All variables in this section are read by the Hyperparameters class at process startup. Unset variables fall back to the listed defaults.

Data Paths

DATA_PATH

string

default:"./data/datasets/fineweb10B_sp1024"

Root directory for tokenized dataset shards. Train and val glob patterns (fineweb_train_*.bin and fineweb_val_*.bin) are derived from this path.

TOKENIZER_PATH

string

default:"./data/tokenizers/fineweb_1024_bpe.model"

Path to the SentencePiece .model file. Used to build look-up tables for the tokenizer-agnostic BPB metric. Must match VOCAB_SIZE exactly or training raises an error.

RUN_ID

string

default:"random UUID"

Human-readable identifier for this run. Determines the log filename at logs/<RUN_ID>.txt.

SEED

integer

default:"1337"

Global random seed applied to Python, NumPy, and PyTorch (including cuda.manual_seed_all) before training.

Validation

VAL_BATCH_SIZE

integer

default:"524288"

Total token budget across all ranks per validation pass. Must provide at least one full TRAIN_SEQ_LEN-length sequence per rank.

VAL_LOSS_EVERY

integer

default:"1000"

Run validation every N training steps. Set to 0 to disable periodic validation (final evaluation still runs at the end).

TRAIN_LOG_EVERY

integer

default:"200"

Log a train_loss line every N steps. Steps 1–10 are always logged regardless of this setting.

Training Length

ITERATIONS

integer

default:"20000"

Maximum number of gradient update steps before training stops. The wallclock cap may cause an earlier stop.

WARMDOWN_ITERS

integer

default:"1200"

Number of steps (or equivalent wallclock duration) over which the learning rate linearly decays to zero at training end.

WARMUP_STEPS

integer

default:"20"

Number of pre-training “warmup” steps that prime compiled kernels.

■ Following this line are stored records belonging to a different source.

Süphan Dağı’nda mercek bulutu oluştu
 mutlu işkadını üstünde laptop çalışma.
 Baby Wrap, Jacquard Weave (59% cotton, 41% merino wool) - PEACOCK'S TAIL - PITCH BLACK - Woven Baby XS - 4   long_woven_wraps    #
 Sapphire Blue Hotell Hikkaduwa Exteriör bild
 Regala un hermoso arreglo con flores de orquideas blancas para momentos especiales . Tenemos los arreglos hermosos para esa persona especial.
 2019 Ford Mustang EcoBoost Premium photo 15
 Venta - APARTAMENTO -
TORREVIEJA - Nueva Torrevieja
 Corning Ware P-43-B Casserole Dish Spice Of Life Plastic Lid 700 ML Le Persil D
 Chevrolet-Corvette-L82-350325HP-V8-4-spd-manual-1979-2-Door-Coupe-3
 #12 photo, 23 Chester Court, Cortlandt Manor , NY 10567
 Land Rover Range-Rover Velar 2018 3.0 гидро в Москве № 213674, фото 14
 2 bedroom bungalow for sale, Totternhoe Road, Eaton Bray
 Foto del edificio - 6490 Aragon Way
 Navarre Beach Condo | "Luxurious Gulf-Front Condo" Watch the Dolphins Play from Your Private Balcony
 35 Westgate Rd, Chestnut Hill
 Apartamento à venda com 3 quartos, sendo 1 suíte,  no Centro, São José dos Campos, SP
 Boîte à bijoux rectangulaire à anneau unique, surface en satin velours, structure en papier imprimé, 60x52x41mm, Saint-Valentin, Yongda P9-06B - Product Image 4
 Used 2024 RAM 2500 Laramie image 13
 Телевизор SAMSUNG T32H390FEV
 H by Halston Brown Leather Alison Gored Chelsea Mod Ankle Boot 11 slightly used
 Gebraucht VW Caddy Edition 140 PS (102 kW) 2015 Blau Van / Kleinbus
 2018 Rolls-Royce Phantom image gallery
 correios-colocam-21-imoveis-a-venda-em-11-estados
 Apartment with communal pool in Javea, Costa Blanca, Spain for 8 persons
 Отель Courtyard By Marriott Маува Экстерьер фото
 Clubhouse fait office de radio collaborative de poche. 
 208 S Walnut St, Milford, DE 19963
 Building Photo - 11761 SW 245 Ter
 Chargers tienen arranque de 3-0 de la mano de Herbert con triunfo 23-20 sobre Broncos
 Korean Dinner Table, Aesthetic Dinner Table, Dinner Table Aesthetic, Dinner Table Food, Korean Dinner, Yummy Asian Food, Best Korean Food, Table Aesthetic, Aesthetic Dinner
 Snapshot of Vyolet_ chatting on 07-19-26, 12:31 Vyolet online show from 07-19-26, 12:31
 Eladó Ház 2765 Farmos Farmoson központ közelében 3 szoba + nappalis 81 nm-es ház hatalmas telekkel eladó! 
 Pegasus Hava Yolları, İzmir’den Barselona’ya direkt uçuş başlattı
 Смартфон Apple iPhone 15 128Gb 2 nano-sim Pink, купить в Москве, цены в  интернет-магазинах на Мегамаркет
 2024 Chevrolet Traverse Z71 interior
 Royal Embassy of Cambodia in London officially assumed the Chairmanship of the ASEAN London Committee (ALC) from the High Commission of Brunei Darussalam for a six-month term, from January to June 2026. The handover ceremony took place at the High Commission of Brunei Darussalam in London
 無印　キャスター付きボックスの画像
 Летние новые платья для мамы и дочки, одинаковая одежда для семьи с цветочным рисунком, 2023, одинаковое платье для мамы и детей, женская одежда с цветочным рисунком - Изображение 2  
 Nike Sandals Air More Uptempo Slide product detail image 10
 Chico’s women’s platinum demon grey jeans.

Model and optimizer state are fully reset after warmup completes, so effective training always starts from the true initialization.

TRAIN_BATCH_TOKENS

integer

default:"524288"

Total tokens consumed per gradient update across all ranks. Gradient accumulation steps = 8 // WORLD_SIZE.

TRAIN_SEQ_LEN

integer

default:"1024"

Sequence length for both training and validation. Affects memory usage and the minimum VAL_BATCH_SIZE.

MAX_WALLCLOCK_SECONDS

float

default:"600.0"

Hard cap on training time in seconds. When elapsed training time reaches this limit, training stops after the current step finishes. Set to 0 to disable the cap.

QK_GAIN_INIT

float

default:"1.5"

Initial value for the per-head learnable q_gain parameter in each attention block. Scales query vectors before the dot product.

Model Shape

VOCAB_SIZE

integer

default:"1024"

Vocabulary size. Must exactly match the SentencePiece tokenizer’s vocab size.

NUM_LAYERS

integer

default:"9"

Total number of transformer blocks. Split evenly into encoder and decoder halves for U-Net-style skip connections.

NUM_KV_HEADS

integer

default:"4"

Number of key/value heads for Grouped Query Attention (GQA). Must evenly divide NUM_HEADS.

MODEL_DIM

integer

default:"512"

Hidden/embedding dimension. Must be divisible by NUM_HEADS, and MODEL_DIM // NUM_HEADS must be even (required for RoPE).

NUM_HEADS

integer

default:"8"

Number of query attention heads.

MLP_MULT

integer

default:"2"

MLP hidden-layer multiplier. The feedforward hidden size is MLP_MULT * MODEL_DIM.

TIE_EMBEDDINGS

integer

default:"1"

Set to 1 to tie input embedding and output projection weights (saves parameters). Set to 0 for a separate lm_head.

ROPE_BASE

float

default:"10000.0"

Base frequency for Rotary Position Embeddings.

LOGIT_SOFTCAP

float

default:"30.0"

Logit soft-cap. Applied as softcap * tanh(logits / softcap) before cross-entropy. Must be positive.

Optimizer

EMBED_LR

float

default:"0.6"

Adam learning rate for the token embedding when TIE_EMBEDDINGS=0.

HEAD_LR

float

default:"0.008"

Adam learning rate for the untied lm_head when TIE_EMBEDDINGS=0.

TIED_EMBED_LR

float

default:"0.05"

Adam learning rate for the token embedding when TIE_EMBEDDINGS=1.

TIED_EMBED_INIT_STD

float

default:"0.005"

Standard deviation for normal initialization of the tied embedding weight.

MATRIX_LR

float

default:"0.04"

Muon learning rate for 2D matrix parameters in transformer blocks.

SCALAR_LR

float

default:"0.04"

Adam learning rate for scalar and vector parameters (scales, norms, gains) in transformer blocks.

MUON_MOMENTUM

float

default:"0.95"

Steady-state momentum for the Muon optimizer.

MUON_BACKEND_STEPS

integer

default:"5"

Number of Newton-Schulz iterations used to orthogonalize gradient matrices in Muon.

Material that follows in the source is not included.